Dr. Bud Hammes from Gundersen Health of LaCrosse, WI, led the first in a series of Washington, D.C., policy luncheons. He showcased Respecting Choices, a program in which an amazing 96% of patients have stated their advance care plans and medical staff adhere to the plans 98% of the time. The program’s centerpiece is an effort to listen to patients discuss their values, preferences and goals, and then align the patient’s medical treatment plan with those criteria. Respecting Choices employs a medical protocol for advance care planning that includes a quality-improvement process and accountability for medical staff – the same approach applied to other standard medical care.
“Why is an error in delivering an antibiotic worse than an error on end-of-life treatment?” Dr. Hammes proposed.
While introducing Dr. Hammes, National Academy of Social Insurance (NASI) president Larry Atkins noted the importance of the coalition’s work. The coalition will “advance the understanding of what can be done to ensure people who are dealing with serious or terminal medical conditions are able to get the care they want and need – and no more.”

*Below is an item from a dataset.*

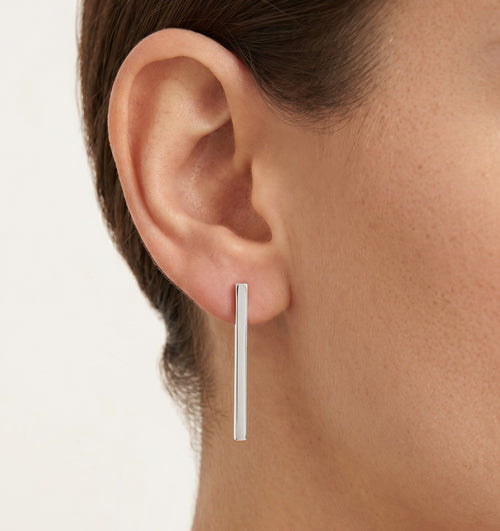 White gold earrings bar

Experts from NASI will produce a briefing paper for each of the six luncheon topics. The first, Getting the Treatment You Want: Is Anyone Listening?, was published in December. The brief lays out the problem facing patients very clearly, “The health care system is not well organized to provide consistent, reliable support to older adults who know and are able to express how they want to approach the end of their lives.” But it concludes on a hopeful note that, “The time may now be ripe for a consumer-driven movement to shift physician behavior and health care system action.”
Visit www.endumt.org to learn more about the campaign – and sign up to take action – and to watch Dr. Hammes’ presentation on Respecting Choices.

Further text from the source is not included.